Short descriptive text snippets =
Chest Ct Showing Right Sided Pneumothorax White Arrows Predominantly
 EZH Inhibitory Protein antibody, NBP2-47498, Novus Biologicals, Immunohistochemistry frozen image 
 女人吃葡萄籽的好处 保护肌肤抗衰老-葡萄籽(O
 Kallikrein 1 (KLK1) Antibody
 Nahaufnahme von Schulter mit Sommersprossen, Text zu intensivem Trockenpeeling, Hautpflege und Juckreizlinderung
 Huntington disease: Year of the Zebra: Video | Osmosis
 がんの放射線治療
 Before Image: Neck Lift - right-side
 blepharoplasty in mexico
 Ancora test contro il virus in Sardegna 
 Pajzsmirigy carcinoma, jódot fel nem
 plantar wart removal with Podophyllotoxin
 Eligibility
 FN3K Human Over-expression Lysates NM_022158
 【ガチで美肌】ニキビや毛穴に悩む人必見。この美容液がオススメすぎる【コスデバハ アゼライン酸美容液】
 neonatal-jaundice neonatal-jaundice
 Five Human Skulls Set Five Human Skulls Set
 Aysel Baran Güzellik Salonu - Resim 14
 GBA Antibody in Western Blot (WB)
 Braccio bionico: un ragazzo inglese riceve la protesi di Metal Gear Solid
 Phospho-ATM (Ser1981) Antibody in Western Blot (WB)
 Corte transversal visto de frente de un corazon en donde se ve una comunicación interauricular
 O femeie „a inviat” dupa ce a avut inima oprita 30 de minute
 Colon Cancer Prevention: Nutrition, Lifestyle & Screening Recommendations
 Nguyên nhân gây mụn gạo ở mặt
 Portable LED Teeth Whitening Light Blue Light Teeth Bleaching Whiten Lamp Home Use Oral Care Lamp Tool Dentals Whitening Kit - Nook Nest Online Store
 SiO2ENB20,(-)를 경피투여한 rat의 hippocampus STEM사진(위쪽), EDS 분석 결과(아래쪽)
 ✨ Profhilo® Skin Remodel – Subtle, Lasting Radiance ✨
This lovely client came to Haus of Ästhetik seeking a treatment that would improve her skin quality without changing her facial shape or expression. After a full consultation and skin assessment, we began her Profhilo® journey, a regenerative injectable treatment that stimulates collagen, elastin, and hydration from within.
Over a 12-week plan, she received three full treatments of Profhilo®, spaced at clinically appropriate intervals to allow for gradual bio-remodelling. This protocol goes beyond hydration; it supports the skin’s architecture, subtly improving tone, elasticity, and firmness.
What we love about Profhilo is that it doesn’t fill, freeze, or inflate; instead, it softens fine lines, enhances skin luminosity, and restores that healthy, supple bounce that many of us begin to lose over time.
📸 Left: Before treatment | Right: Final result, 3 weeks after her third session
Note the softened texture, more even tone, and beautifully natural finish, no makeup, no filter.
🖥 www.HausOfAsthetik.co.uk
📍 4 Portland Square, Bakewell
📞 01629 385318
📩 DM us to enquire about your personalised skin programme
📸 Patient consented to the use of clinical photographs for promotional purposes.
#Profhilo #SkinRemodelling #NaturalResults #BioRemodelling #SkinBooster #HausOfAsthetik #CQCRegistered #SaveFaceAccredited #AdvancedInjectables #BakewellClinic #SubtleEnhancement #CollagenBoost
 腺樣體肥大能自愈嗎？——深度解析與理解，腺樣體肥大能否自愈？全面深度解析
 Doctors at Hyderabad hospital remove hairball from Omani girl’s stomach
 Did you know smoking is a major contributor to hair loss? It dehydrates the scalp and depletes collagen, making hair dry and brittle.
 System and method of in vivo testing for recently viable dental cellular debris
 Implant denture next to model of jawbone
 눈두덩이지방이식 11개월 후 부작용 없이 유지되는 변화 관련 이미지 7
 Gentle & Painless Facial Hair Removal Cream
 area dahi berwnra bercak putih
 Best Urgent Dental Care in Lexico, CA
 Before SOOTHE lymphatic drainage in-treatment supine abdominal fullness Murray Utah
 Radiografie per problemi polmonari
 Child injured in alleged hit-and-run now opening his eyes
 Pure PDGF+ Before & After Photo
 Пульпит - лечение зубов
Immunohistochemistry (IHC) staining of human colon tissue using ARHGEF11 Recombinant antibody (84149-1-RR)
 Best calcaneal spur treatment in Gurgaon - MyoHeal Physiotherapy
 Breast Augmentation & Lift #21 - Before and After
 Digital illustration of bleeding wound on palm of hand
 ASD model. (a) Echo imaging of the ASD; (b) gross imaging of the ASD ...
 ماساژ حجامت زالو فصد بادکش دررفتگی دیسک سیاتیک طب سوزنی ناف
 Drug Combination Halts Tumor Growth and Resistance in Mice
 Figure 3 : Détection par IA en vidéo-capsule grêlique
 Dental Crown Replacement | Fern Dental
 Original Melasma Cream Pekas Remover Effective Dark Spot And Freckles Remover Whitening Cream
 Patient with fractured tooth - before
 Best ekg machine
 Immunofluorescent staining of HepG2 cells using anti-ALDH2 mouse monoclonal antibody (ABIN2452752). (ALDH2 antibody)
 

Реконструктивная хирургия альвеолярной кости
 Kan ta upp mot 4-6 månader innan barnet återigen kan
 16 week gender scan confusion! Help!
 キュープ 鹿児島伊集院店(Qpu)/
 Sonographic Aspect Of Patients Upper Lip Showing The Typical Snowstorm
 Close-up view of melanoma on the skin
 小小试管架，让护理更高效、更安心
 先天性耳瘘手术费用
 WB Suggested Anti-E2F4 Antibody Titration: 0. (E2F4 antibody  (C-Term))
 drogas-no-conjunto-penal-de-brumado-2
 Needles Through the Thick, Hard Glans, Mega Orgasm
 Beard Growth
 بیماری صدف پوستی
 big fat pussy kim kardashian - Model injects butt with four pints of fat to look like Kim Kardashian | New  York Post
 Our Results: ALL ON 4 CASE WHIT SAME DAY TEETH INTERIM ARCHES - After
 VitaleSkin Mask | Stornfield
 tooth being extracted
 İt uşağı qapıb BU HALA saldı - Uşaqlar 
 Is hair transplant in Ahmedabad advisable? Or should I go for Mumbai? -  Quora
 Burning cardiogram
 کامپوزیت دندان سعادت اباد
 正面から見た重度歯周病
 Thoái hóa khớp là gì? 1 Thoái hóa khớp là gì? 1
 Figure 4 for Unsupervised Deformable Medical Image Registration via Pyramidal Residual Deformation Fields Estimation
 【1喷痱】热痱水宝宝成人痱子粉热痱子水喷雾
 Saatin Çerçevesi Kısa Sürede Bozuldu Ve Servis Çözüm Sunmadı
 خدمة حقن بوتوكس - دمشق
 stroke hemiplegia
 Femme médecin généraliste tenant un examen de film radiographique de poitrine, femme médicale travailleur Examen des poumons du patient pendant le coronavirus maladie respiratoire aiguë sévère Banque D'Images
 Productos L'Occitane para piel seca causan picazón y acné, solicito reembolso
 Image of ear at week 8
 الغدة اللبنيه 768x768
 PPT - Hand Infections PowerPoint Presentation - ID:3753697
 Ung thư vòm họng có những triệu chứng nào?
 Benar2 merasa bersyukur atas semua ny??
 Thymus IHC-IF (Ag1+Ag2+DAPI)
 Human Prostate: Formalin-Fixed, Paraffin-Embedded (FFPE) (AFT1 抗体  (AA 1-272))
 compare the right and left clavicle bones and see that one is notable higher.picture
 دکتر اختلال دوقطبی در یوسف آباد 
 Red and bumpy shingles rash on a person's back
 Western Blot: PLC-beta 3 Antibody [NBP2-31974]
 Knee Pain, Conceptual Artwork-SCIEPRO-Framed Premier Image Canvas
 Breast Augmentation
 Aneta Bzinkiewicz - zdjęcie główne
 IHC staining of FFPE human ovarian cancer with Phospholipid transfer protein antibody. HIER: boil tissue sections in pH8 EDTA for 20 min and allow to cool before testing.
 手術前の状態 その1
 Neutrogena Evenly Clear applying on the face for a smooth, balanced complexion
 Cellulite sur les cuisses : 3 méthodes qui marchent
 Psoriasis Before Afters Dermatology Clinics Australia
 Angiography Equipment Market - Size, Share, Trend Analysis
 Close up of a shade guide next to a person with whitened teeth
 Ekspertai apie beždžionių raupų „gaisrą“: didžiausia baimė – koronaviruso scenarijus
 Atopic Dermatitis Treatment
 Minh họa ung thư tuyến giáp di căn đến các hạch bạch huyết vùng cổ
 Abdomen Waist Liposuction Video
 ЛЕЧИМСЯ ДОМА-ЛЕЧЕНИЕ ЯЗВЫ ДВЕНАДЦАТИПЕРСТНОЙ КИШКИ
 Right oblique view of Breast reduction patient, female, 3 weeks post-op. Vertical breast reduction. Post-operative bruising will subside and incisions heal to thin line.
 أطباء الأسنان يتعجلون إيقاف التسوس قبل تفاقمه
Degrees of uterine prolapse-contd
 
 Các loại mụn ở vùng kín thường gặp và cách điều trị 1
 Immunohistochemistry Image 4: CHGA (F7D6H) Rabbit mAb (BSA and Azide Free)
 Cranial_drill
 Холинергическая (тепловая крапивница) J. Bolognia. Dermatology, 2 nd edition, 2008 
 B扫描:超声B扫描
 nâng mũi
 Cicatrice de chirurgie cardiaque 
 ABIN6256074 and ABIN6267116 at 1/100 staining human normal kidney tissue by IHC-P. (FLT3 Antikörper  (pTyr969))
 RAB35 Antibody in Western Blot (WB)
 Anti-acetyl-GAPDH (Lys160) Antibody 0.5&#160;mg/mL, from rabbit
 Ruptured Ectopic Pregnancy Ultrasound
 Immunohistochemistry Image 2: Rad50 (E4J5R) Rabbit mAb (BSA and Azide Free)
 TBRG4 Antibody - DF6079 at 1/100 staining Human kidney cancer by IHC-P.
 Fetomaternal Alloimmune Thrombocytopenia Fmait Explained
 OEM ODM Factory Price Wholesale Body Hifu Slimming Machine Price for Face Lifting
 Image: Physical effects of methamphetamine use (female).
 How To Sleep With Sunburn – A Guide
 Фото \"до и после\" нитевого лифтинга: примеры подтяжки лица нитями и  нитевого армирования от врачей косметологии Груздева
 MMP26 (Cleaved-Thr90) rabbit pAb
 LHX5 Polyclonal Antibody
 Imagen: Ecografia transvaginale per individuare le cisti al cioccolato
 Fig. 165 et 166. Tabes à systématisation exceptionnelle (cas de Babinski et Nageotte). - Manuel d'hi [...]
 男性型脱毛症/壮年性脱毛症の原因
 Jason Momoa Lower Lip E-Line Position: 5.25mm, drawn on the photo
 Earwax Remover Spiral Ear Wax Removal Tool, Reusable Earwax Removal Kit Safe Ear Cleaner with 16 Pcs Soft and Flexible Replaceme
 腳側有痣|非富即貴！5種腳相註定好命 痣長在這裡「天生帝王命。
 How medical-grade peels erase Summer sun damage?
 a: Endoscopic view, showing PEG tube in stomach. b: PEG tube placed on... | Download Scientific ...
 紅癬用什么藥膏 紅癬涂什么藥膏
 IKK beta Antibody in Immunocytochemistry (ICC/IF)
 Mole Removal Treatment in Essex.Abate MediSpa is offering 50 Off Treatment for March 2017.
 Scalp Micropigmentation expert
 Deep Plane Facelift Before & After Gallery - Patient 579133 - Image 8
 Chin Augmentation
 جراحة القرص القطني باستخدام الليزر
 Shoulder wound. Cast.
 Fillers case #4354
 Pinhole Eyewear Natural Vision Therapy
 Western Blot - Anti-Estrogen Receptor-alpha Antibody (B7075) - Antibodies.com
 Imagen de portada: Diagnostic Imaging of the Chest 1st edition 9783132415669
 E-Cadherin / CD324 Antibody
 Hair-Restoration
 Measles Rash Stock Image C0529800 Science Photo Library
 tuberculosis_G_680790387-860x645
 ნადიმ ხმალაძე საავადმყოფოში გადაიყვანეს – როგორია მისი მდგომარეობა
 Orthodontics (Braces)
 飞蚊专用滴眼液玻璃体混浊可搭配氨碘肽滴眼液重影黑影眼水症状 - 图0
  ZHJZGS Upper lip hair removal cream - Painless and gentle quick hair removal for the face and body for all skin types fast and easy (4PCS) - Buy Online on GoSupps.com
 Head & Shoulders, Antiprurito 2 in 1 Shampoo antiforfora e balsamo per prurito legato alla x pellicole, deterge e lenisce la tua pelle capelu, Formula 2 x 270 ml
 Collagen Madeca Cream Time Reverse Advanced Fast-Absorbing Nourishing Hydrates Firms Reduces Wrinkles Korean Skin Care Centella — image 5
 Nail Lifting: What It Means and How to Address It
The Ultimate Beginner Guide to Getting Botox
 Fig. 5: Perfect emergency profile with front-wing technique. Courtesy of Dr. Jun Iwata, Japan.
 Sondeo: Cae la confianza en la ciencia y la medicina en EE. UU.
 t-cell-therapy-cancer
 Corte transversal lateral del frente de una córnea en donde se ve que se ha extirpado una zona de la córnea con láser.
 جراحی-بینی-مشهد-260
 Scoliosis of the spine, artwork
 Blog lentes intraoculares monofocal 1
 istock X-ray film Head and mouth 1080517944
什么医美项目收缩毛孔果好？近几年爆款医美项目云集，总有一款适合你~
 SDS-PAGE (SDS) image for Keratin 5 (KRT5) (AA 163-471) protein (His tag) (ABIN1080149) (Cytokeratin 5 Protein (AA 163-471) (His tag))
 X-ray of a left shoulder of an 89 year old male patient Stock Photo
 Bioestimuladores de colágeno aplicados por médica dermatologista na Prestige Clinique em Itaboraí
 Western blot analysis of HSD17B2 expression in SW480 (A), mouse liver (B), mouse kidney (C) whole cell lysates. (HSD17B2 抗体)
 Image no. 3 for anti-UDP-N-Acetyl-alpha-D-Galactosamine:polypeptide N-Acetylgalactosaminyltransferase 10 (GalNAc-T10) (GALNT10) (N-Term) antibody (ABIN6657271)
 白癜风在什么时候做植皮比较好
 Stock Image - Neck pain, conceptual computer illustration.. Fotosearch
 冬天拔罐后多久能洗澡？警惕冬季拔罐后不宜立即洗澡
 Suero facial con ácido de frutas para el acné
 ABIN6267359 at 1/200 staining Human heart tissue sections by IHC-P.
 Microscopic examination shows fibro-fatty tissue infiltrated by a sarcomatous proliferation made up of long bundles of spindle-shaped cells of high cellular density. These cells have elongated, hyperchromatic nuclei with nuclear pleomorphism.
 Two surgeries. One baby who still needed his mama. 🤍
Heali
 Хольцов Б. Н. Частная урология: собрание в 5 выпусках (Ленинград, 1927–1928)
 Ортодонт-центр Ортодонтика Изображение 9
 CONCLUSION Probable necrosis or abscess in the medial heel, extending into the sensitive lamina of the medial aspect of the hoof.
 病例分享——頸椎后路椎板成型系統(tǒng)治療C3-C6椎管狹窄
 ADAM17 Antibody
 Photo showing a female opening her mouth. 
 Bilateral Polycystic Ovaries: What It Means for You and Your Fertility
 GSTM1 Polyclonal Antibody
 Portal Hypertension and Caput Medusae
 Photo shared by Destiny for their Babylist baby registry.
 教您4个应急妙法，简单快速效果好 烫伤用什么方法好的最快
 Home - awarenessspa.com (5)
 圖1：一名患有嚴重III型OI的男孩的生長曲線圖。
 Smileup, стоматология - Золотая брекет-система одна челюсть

Assignment =
Return nothing but the lines from the top of the records above through the line that has "Phospho-ATM (Ser1981) Antibody". Keep each one exact.

Exercise response =
Chest Ct Showing Right Sided Pneumothorax White Arrows Predominantly
 EZH Inhibitory Protein antibody, NBP2-47498, Novus Biologicals, Immunohistochemistry frozen image 
 女人吃葡萄籽的好处 保护肌肤抗衰老-葡萄籽(O
 Kallikrein 1 (KLK1) Antibody
 Nahaufnahme von Schulter mit Sommersprossen, Text zu intensivem Trockenpeeling, Hautpflege und Juckreizlinderung
 Huntington disease: Year of the Zebra: Video | Osmosis
 がんの放射線治療
 Before Image: Neck Lift - right-side
 blepharoplasty in mexico
 Ancora test contro il virus in Sardegna 
 Pajzsmirigy carcinoma, jódot fel nem
 plantar wart removal with Podophyllotoxin
 Eligibility
 FN3K Human Over-expression Lysates NM_022158
 【ガチで美肌】ニキビや毛穴に悩む人必見。この美容液がオススメすぎる【コスデバハ アゼライン酸美容液】
 neonatal-jaundice neonatal-jaundice
 Five Human Skulls Set Five Human Skulls Set
 Aysel Baran Güzellik Salonu - Resim 14
 GBA Antibody in Western Blot (WB)
 Braccio bionico: un ragazzo inglese riceve la protesi di Metal Gear Solid
 Phospho-ATM (Ser1981) Antibody in Western Blot (WB)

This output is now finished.